* **Information supplied**
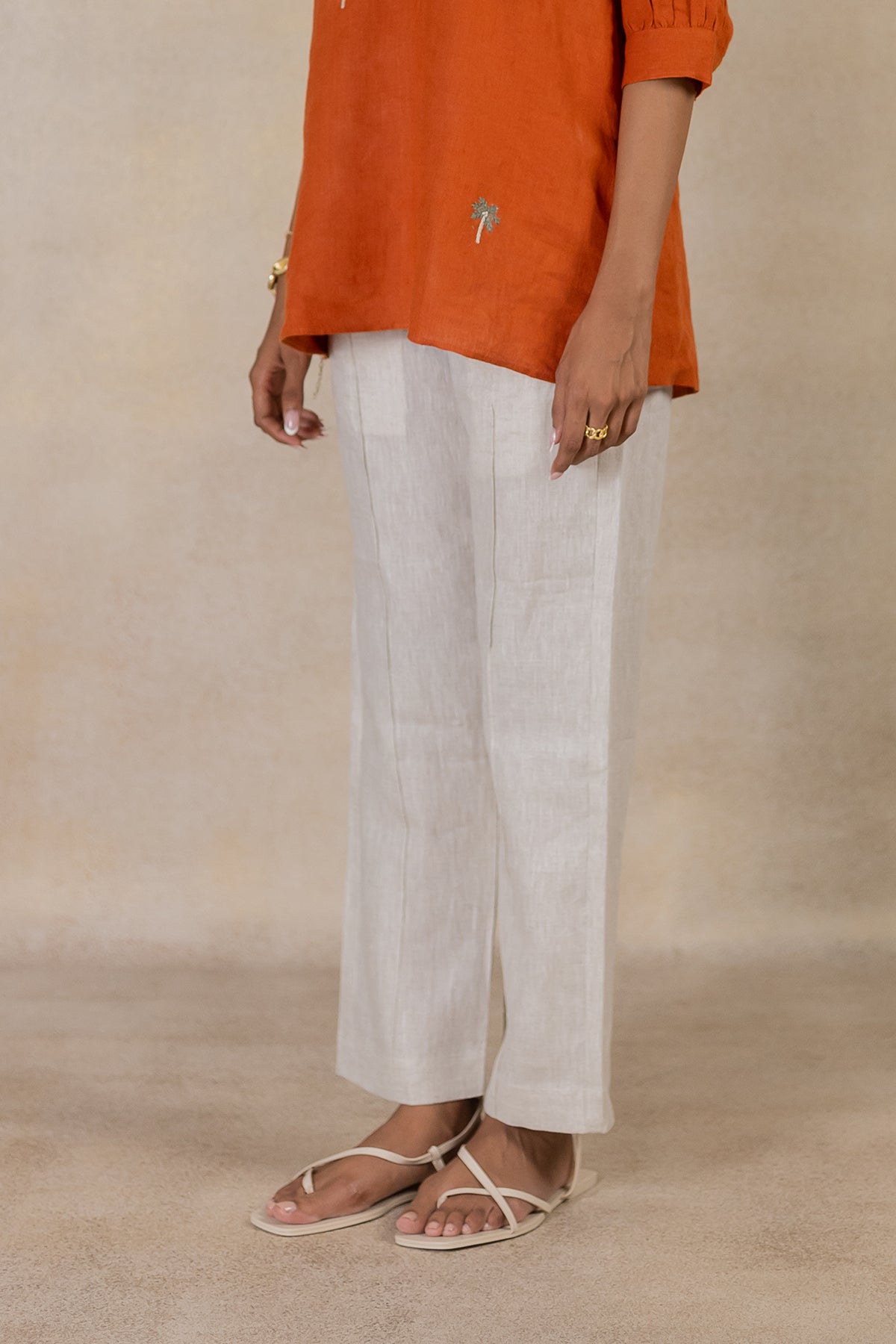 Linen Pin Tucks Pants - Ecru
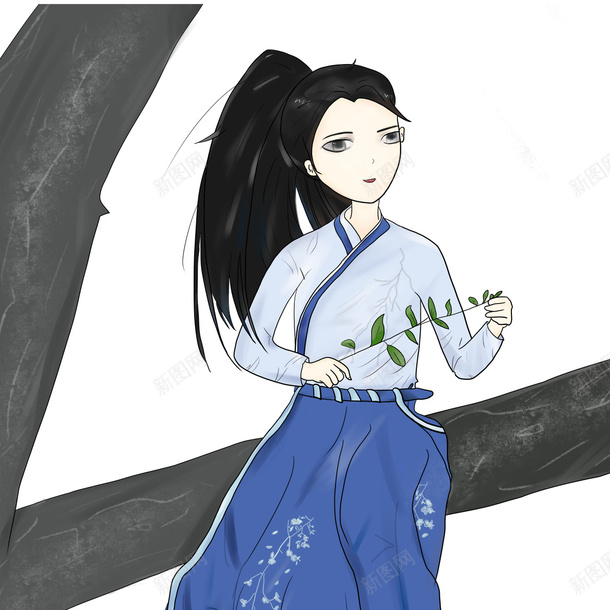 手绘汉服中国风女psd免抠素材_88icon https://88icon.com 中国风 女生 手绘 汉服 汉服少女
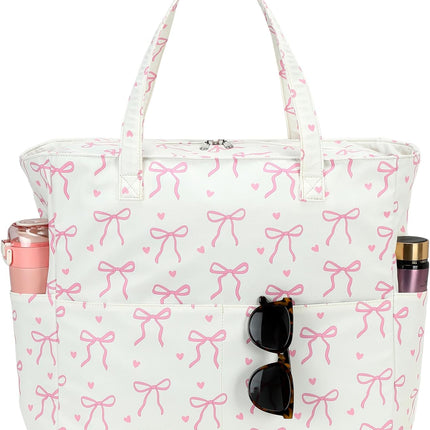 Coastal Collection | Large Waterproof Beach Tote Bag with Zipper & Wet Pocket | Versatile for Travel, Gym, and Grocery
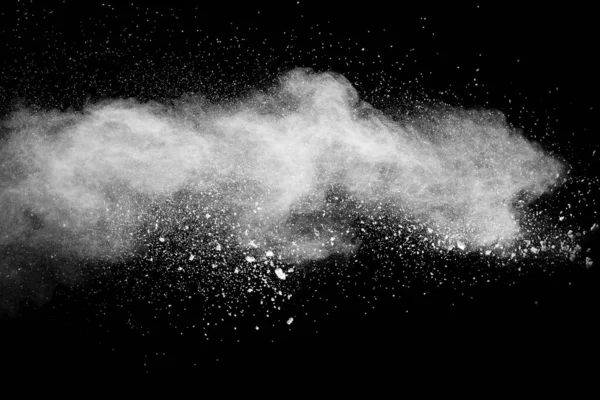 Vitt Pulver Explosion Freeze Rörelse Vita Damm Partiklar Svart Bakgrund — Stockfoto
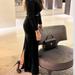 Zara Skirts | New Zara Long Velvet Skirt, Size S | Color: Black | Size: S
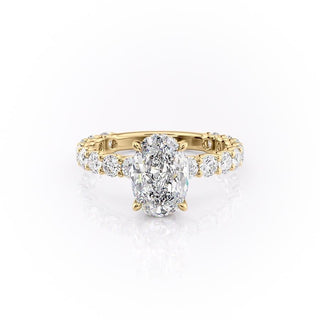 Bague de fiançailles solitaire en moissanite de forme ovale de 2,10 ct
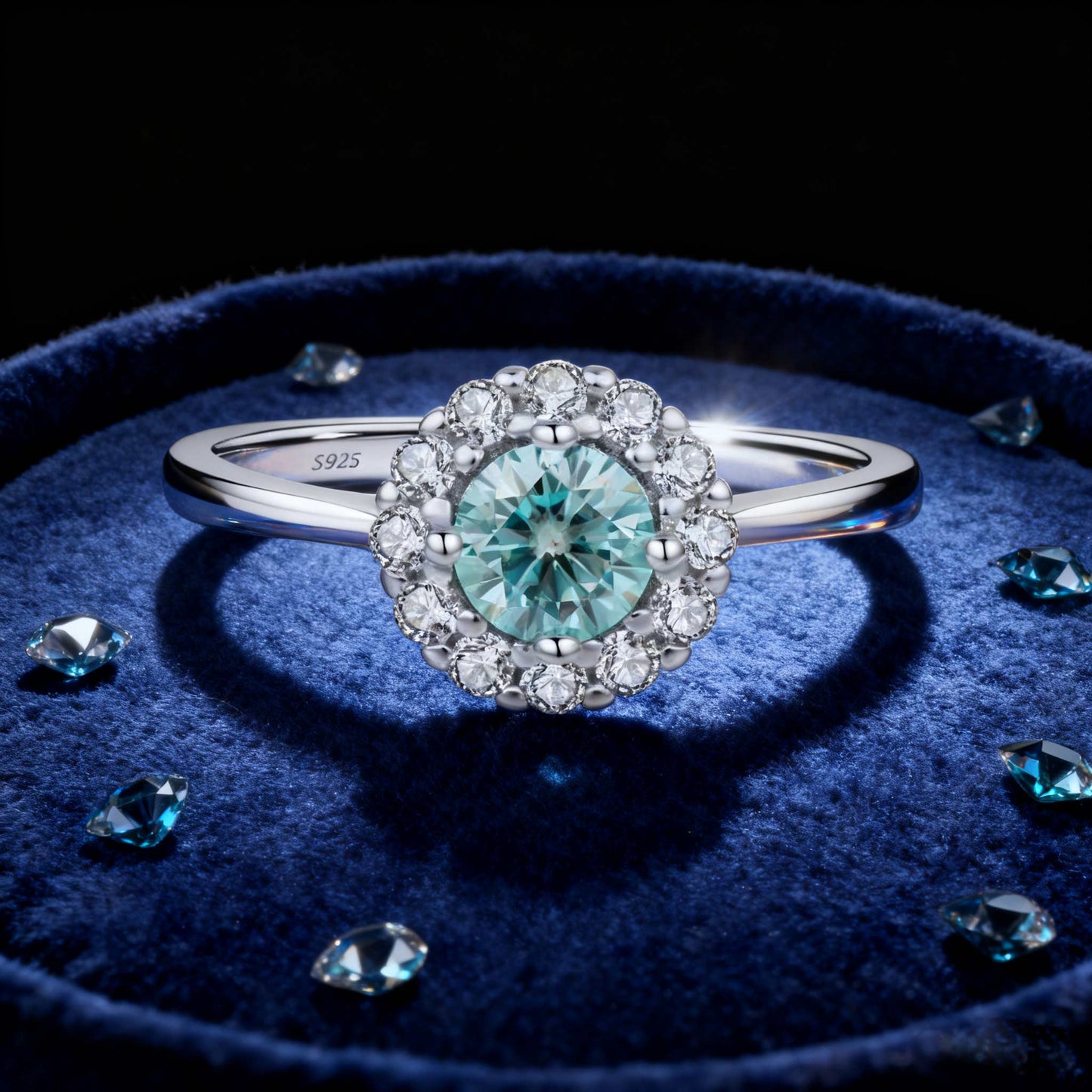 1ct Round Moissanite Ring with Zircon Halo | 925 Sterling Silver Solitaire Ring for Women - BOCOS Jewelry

* **Your goal**
I'd like the material above repeated exactly, with the pictures omitted.

* **Solution to the problem**
 Linen Pin Tucks Pants - Ecru
 手绘汉服中国风女psd免抠素材_88icon https://88icon.com 中国风 女生 手绘 汉服 汉服少女
 Coastal Collection | Large Waterproof Beach Tote Bag with Zipper & Wet Pocket | Versatile for Travel, Gym, and Grocery
 Vitt Pulver Explosion Freeze Rörelse Vita Damm Partiklar Svart Bakgrund — Stockfoto
 Zara Skirts | New Zara Long Velvet Skirt, Size S | Color: Black | Size: S
 Bague de fiançailles solitaire en moissanite de forme ovale de 2,10 ct
 1ct Round Moissanite Ring with Zircon Halo | 925 Sterling Silver Solitaire Ring for Women - BOCOS Jewelry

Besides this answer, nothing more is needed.